Threefold process required to break the cycle of infection
Published 11/11/2015 | 02:30
The key to preventing outbreaks occurring time after time is a threefold process. Firstly, the risk of lesions has to be reduced. Reducing exposure to slurry and keeping the feet as clean and dry as possible is essential. Scraping out passageways more frequently, avoiding pooling of slurry and the build-up of wet, poached bedding all help to lower risk.
Secondly, if new lesions do develop they must be treated quickly with topical antibiotics to stop them becoming chronically infected cattle that are likely to suffer repeat bouts of infection, which will severely affect their productivity. Where infection levels are high, regular assessment of all cattle is essential, and rapid treatment of those that are identified as affected with digital dermatitis. Making treatments an easy and safe process is important - use of a knap-sack sprayer can help to apply the topical antibiotics direct to the lesion. However, the ideal is still to lift the foot in the crush, where the lesion can be cleaned and dried before several applications of antibiotic are applied. Whatever antibiotic is used should be decided on with input from your local vet and consideration for the meat withdrawal of the product.

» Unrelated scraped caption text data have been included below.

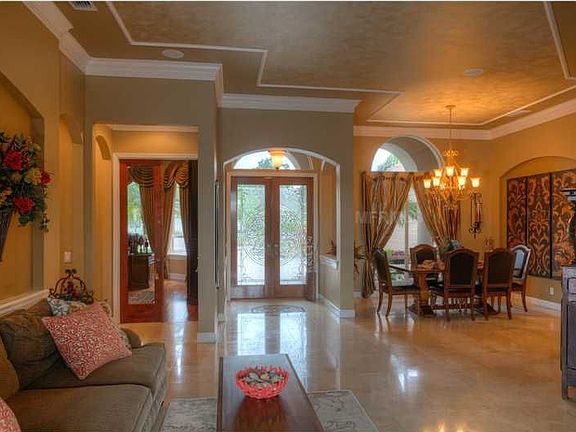 3rd image of 11943 Royce Waterford Cir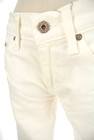 AG jeans（エージー）の古着「商品番号：PR10189265」-4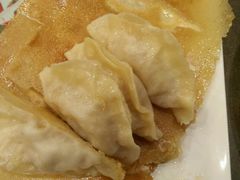 -稻香居锅贴(宋都御街店)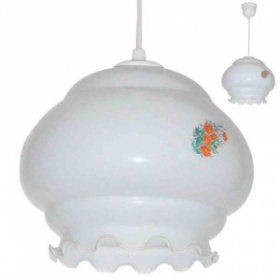 ����.��� 17-150-303 ���� ���.����� ������.��105  ���������� !!!   (SALE) ����� -50% !!!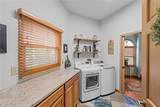 310 Point Place Drive - Photo 19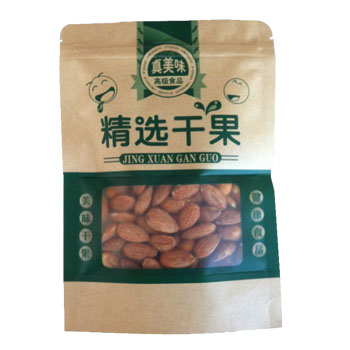 哈爾濱堅果炒貨 無殼零食干果果仁 年貨巴旦木仁 大杏仁100g/袋總代理批發(fā)兼零售，哈爾濱購網(wǎng)www.hrbgw.com送貨上門,堅果炒貨 無殼零食干果果仁 年貨巴旦木仁 大杏仁100g/袋哈爾濱最低價格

The final component of control is regular disinfection of the feet through footbathing. Whilst footbathing is common practice in dairy herds, it presents more of a challenge in beef herds. Therefore footbath design is crucial in making the process easy for both the farmer, and more importantly, the cattle. A footbath is most effective when incorporated into the normal routine and the more accustomed the cattle are to passing through it, the quicker the job. One idea is to footbath when cattle are removed from their pen for bedding or cleaning.

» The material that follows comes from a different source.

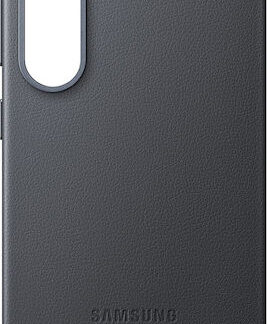 Samsung Standing Grip Back Cover Σιλικόνης με Λουράκι Ανθεκτικό Λευκό (Galaxy S25) Κωδικός: EF-GS931CWEGWW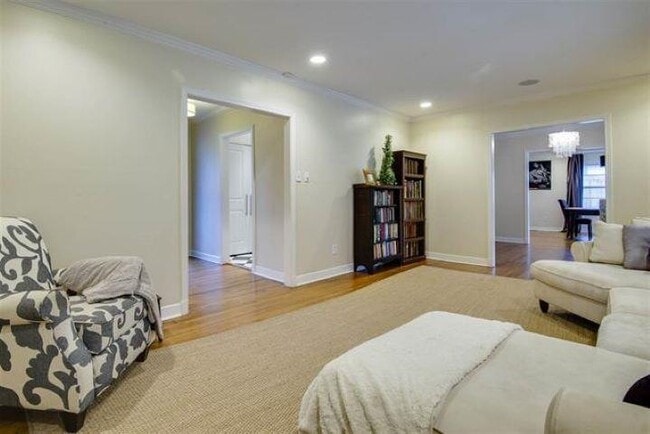 Foto del edificio - 4270 Minden Rd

In terms of construction, a 'built in' concrete footbath rather than a plastic one can be more comfortable for the cattle as it will not move when they pass through it. Good flow is also important to minimise faecal contamination and displacement of the footbath contents. Although very popular, rigid plastic baths with pronounced ridges on the bottom are uncomfortable and are not recommended.
As well as considering flow when designing a footbath, it is important to pay attention to its position and how easy it is to fill, empty and clean out. The easier it is to maintain, the more likely it is to be used. The addition of a large-bore drain with an easy to remove bung can help with this.
Length, width and depth of the bath are also critical. Cattle should place each foot in the solution at least twice, but preferably three times. The animal must not be able to 'jump' the bath, so a length of at least 3m is required. Fixing high, solid side panels to the bath helps ensure cattle continue walking and sloping side panels at the bottom also ensure that they cannot walk on the sides of the bath. Sloping side panels also help reduce significant loss of the treatment solution through splashing, as does a higher entry step. To ensure feet are completely immersed in the footbath solution it must be filled to a depth of 10cm.
Despite the widespread practice of footbathing there are relatively few robust clinical studies on the effectiveness of the various agents that can be added to the bath. When deciding what to use the following should be considered: ease of use, product safety, disposal, cost and, most importantly, is it doing the job.
It is a common belief that footbathing agents act as 'treatments'. However, they are mainly acting as disinfectants. Pay attention also to the concentrations required. In some cases stronger isn't always better. For example, whilst formalin is a very effective disinfectant at concentrations of 1-2.5pc, it is possible that higher concentrations actually increase the likelihood of chronic lesions developing by driving digital dermatitis deep into the skin.